Alex Salmond has announced a hugely ambitious hike over the next decade in the Scottish Government’s target for generating electricity from renewable sources.
The SNP administration now wants 80% of the country’s power to come from wind and wave power by 2020 – a 30% increase on the aim it set for using renewable energy three years ago.
The First Minister made the announcement ahead of an international conference in Edinburgh next week to boost investment in the low-carbon economy.
Mr Salmond said: “Scotland is ideally placed to help lead the renewables revolution and taking account of the levels of planned investment over the next decade, I believe it is now time to aim higher.
“Scotland is blessed with abundant natural energy sources, particularly in our seas, where Scotland is estimated to have a quarter of Europe’s potential wind and tidal energy capacity and a 10th of its wave resource.”
Up to 28,000 jobs could be created to service the domestic and global markets for offshore wind turbines, according to Scottish Enterprise.
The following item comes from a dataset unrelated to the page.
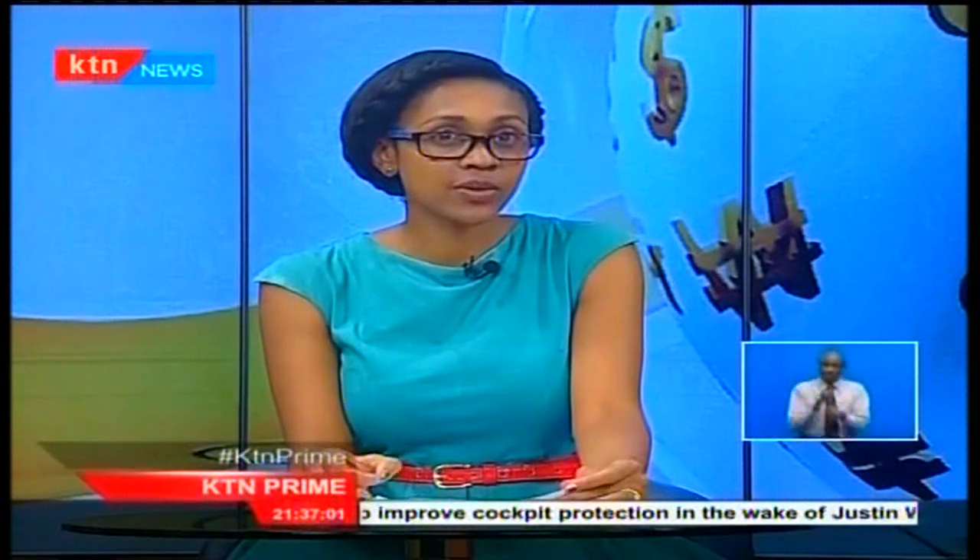Thanks, Abby. Farmers from Western Kenya have been counting losses as high production costs add into their bottom lines.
Mr Salmond said an estimated 60,000 new green jobs could be created by 2020 in low-carbon industries.
He added: “Strong leadership is needed across government and industry to attract the investment to deliver these jobs, so the Scottish Government is today raising the renewable generation target for 2020 to 80%.”
His announcement was in line with a report published by Scottish Renewables which claimed Scotland could actually achieve 123% of its own needs in this way.
The industry body’s chief executive, Niall Stuart, said: “To secure this ambition requires confidence, certainty and leadership, all of which would be strongly reinforced and supported by the extension of existing targets, and can only be achieved with the right legislative, regulatory and financial environment for the development of all forms of renewables.”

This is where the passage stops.